==== Records

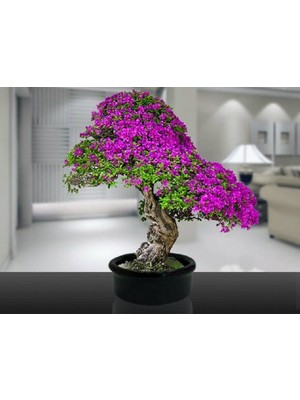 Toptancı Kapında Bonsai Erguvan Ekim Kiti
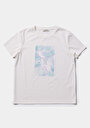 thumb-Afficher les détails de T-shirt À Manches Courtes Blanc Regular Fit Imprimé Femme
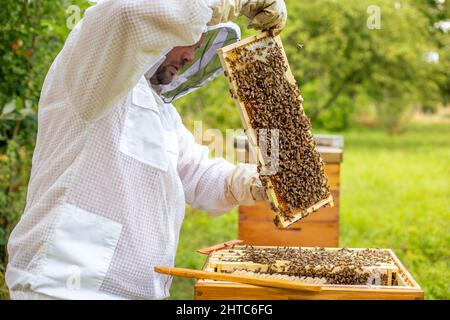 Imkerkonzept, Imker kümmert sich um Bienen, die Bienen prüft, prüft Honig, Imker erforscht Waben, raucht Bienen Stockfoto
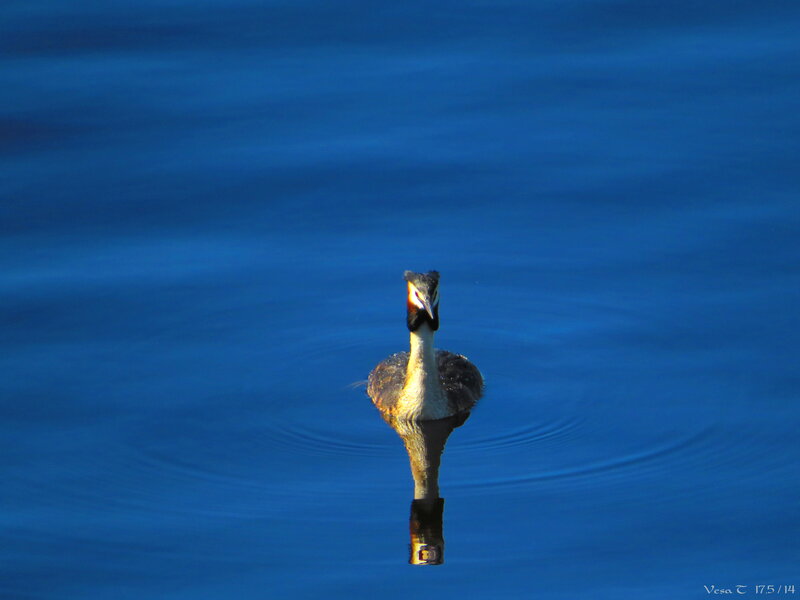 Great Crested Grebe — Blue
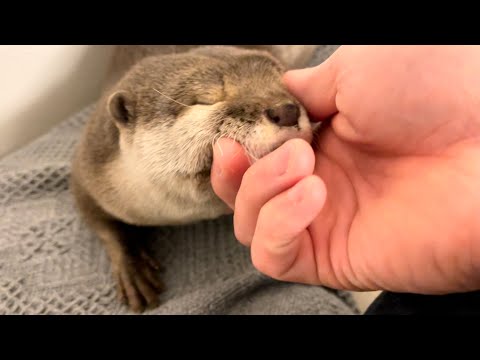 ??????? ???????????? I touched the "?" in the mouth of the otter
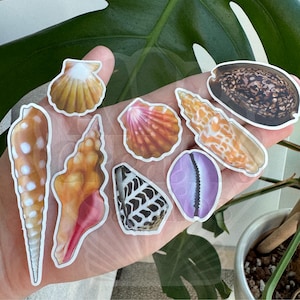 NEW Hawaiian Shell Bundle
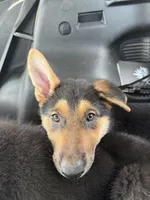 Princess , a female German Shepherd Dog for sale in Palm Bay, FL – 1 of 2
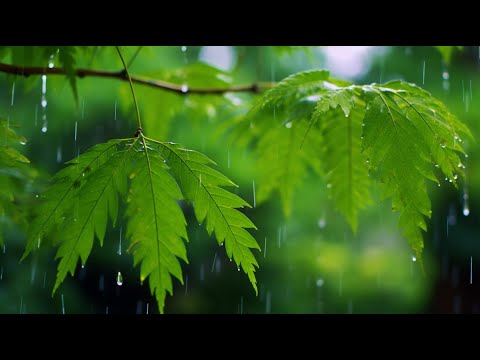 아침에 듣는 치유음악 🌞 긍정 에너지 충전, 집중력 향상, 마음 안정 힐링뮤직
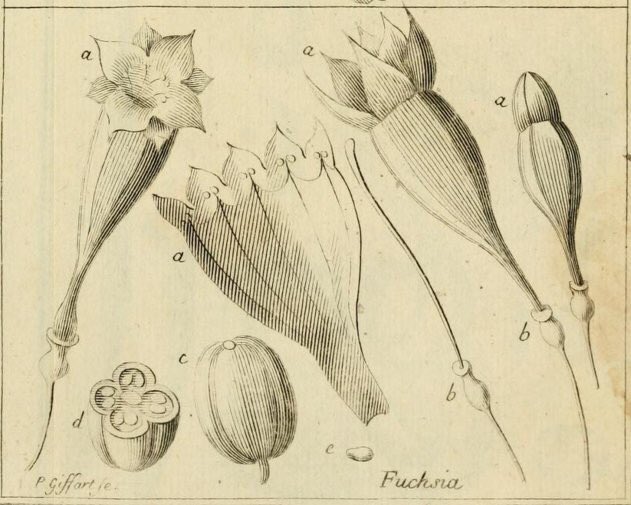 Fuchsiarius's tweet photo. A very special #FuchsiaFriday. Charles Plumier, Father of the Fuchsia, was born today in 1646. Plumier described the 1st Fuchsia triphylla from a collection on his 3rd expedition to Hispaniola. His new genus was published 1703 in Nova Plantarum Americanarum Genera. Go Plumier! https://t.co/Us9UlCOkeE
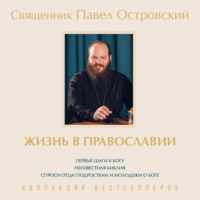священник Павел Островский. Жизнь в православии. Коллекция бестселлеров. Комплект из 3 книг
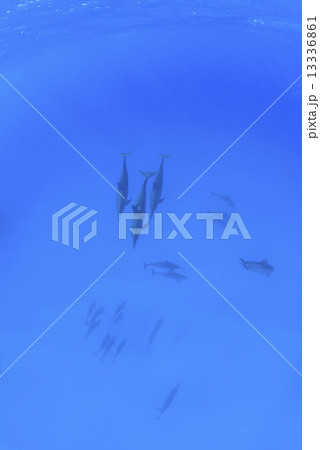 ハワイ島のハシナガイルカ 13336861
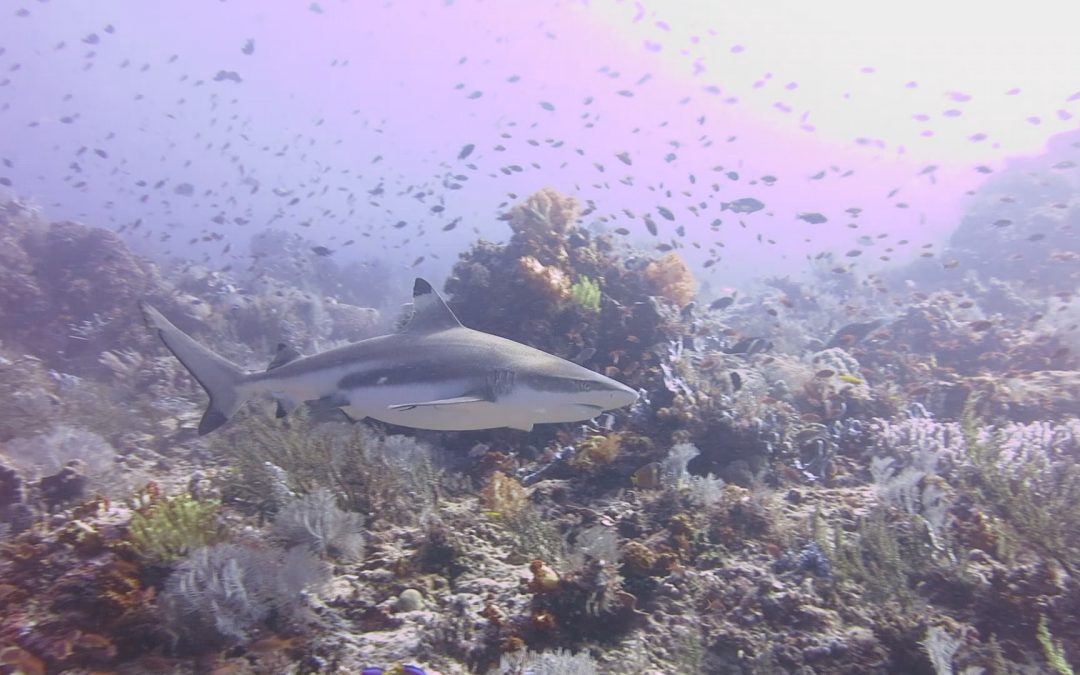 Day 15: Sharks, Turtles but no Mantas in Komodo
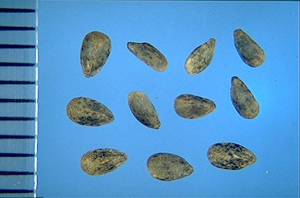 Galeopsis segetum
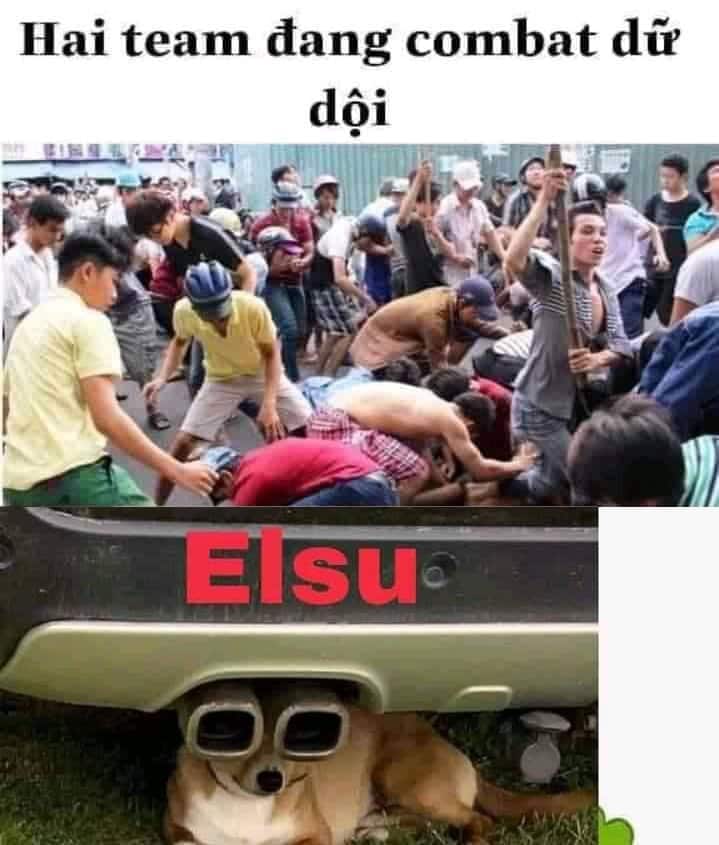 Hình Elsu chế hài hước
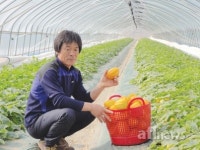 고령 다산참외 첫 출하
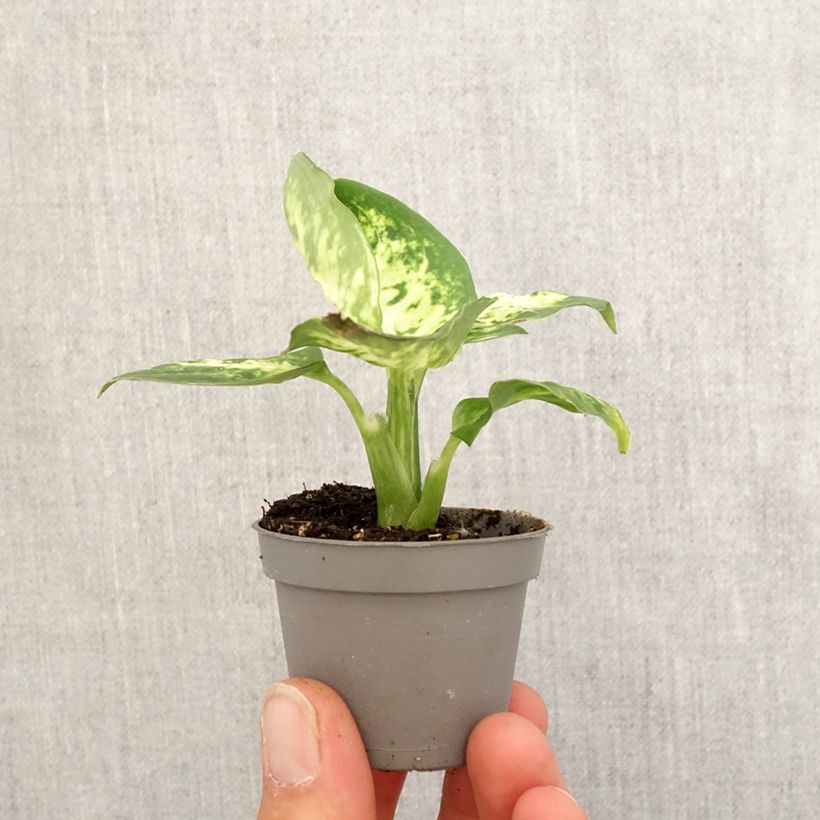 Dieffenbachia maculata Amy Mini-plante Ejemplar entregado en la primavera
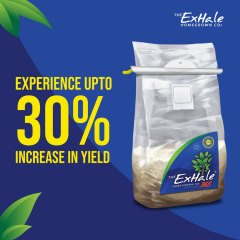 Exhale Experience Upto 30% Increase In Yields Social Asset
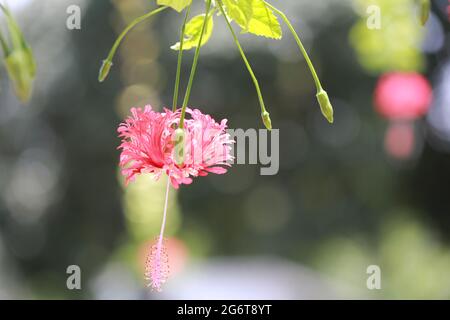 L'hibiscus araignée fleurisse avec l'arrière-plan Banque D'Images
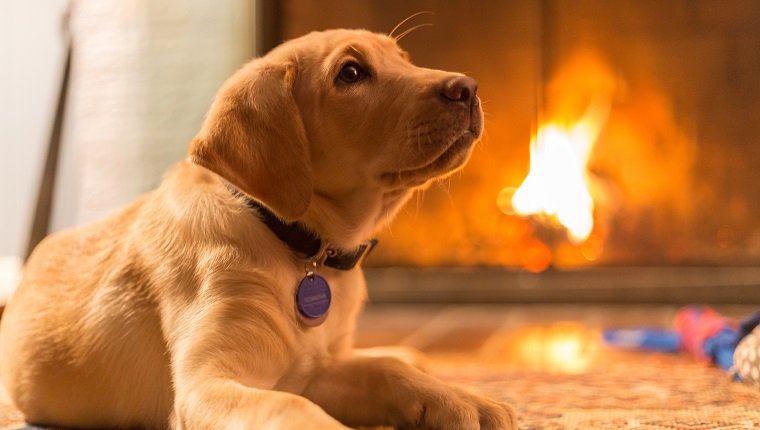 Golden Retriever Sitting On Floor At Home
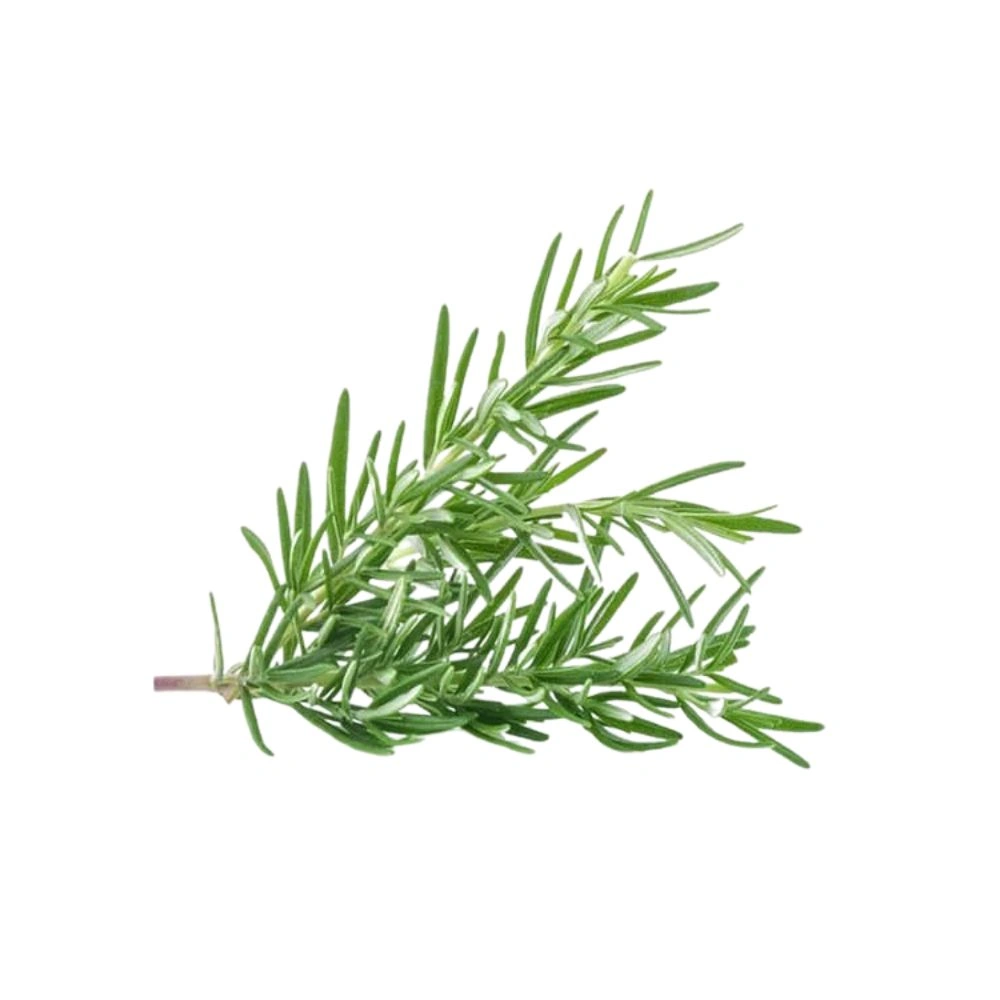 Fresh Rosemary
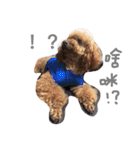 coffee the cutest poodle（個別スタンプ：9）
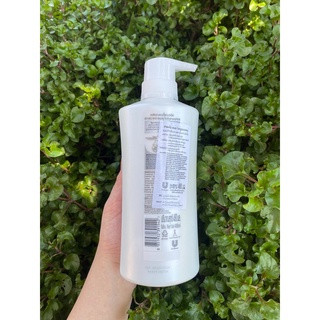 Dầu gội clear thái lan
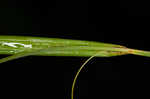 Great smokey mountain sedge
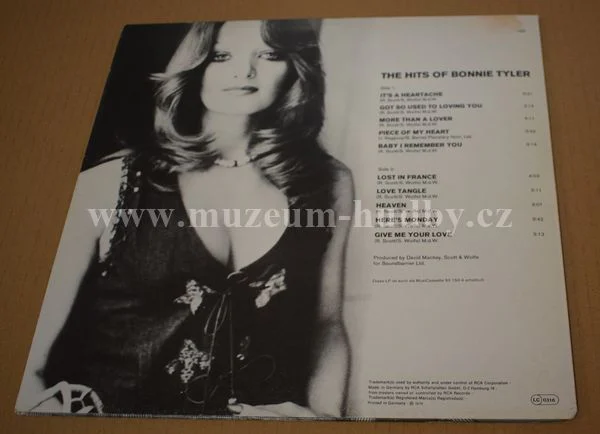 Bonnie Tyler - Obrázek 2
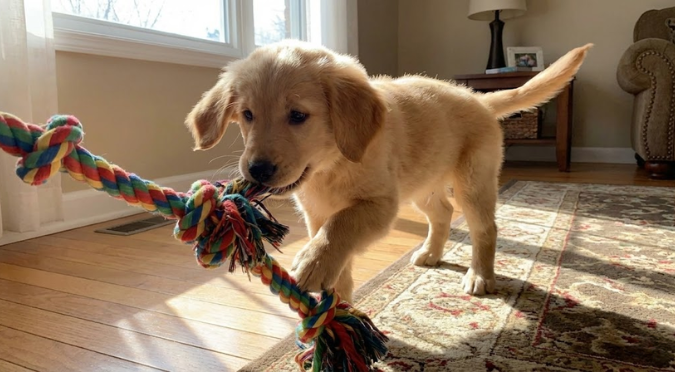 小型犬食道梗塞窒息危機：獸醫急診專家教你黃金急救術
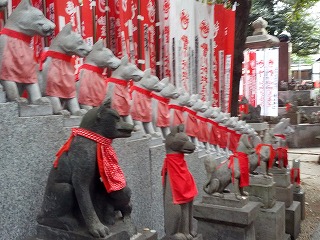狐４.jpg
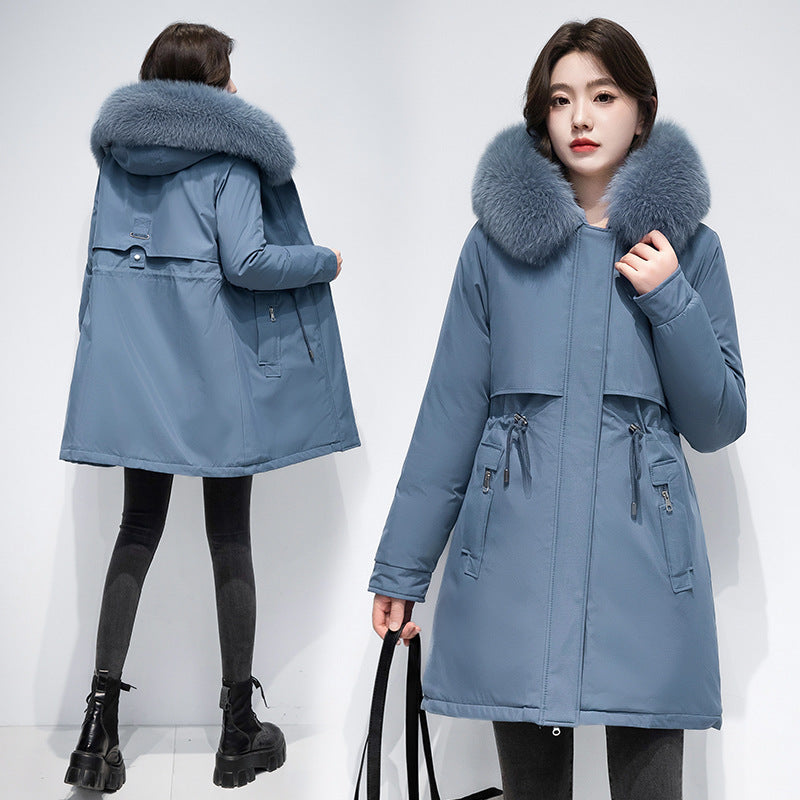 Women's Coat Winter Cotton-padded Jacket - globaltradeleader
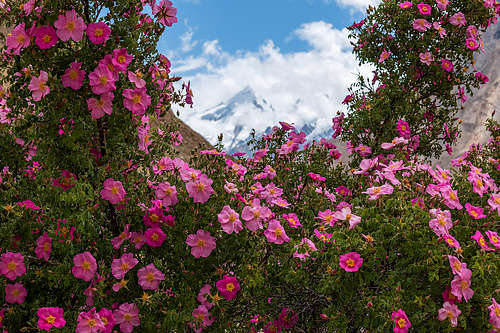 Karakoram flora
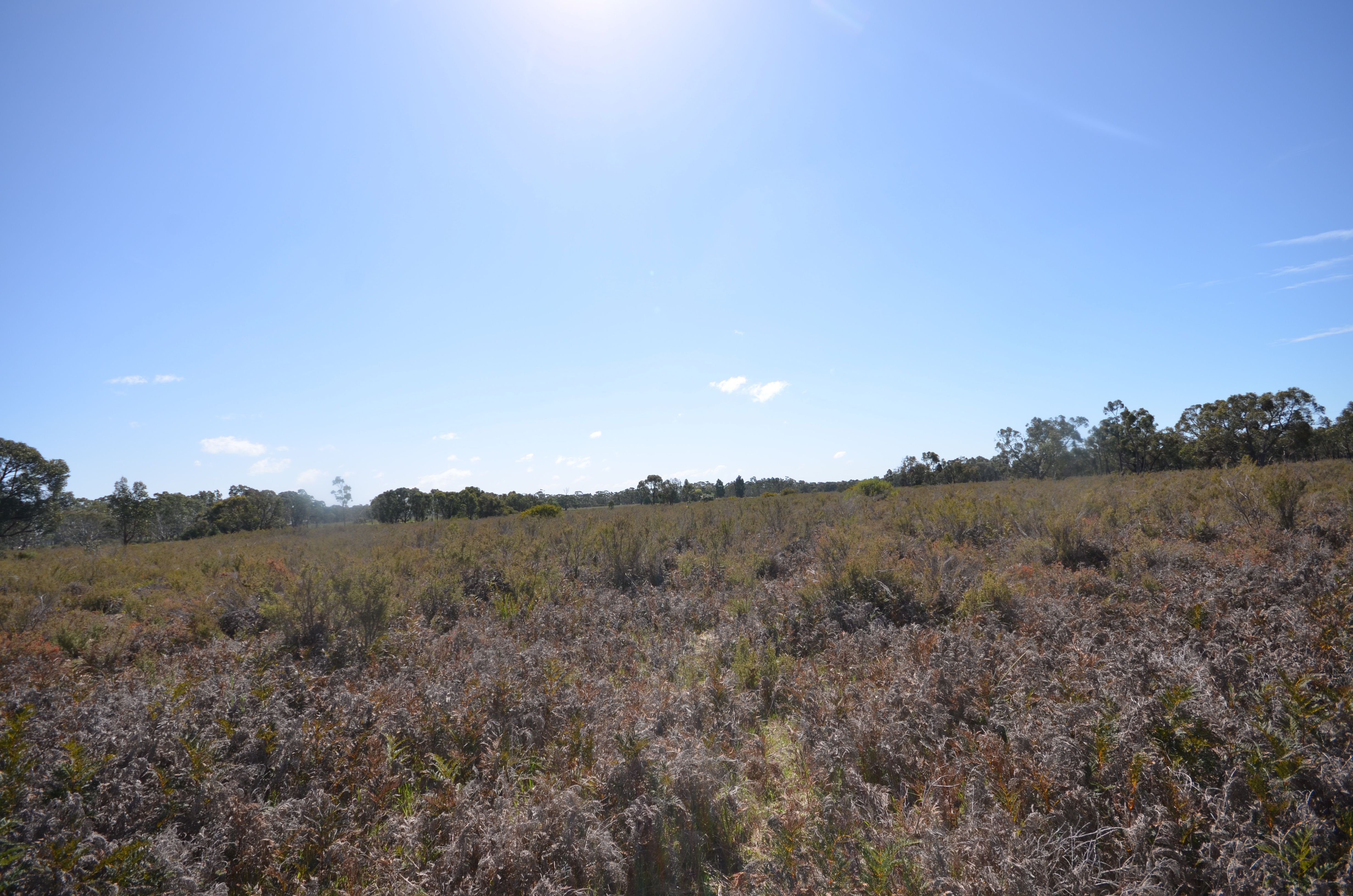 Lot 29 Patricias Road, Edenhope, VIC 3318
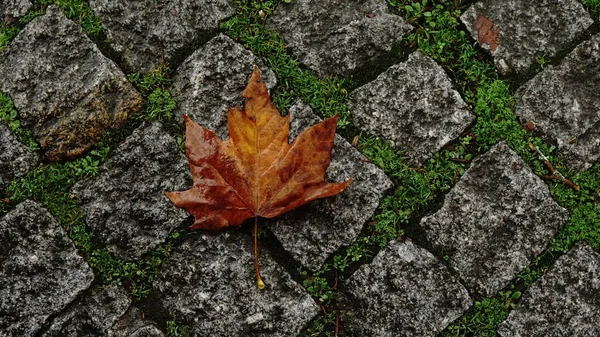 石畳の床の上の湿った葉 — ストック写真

========

What you will do> Leave the pictures aside and print exactly, and only, the lines from the one with "아침에 듣는 치유음악 🌞 긍정 에너지 충전, 집중력 향상, 마음 안정 힐링뮤직" through the end of the data, both included.

Exercise response>
 아침에 듣는 치유음악 🌞 긍정 에너지 충전, 집중력 향상, 마음 안정 힐링뮤직
 Fuchsiarius's tweet photo. A very special #FuchsiaFriday. Charles Plumier, Father of the Fuchsia, was born today in 1646. Plumier described the 1st Fuchsia triphylla from a collection on his 3rd expedition to Hispaniola. His new genus was published 1703 in Nova Plantarum Americanarum Genera. Go Plumier! https://t.co/Us9UlCOkeE
священник Павел Островский. Жизнь в православии. Коллекция бестселлеров. Комплект из 3 книг
 ハワイ島のハシナガイルカ 13336861
 Day 15: Sharks, Turtles but no Mantas in Komodo
 Galeopsis segetum
 Hình Elsu chế hài hước
 고령 다산참외 첫 출하
 Dieffenbachia maculata Amy Mini-plante Ejemplar entregado en la primavera
 Exhale Experience Upto 30% Increase In Yields Social Asset
 L'hibiscus araignée fleurisse avec l'arrière-plan Banque D'Images
 Golden Retriever Sitting On Floor At Home
 Fresh Rosemary
 coffee the cutest poodle（個別スタンプ：9）
 Dầu gội clear thái lan
 Great smokey mountain sedge
 Bonnie Tyler - Obrázek 2
 小型犬食道梗塞窒息危機：獸醫急診專家教你黃金急救術
狐４.jpg
 Women's Coat Winter Cotton-padded Jacket - globaltradeleader
 Karakoram flora
 Lot 29 Patricias Road, Edenhope, VIC 3318
 石畳の床の上の湿った葉 — ストック写真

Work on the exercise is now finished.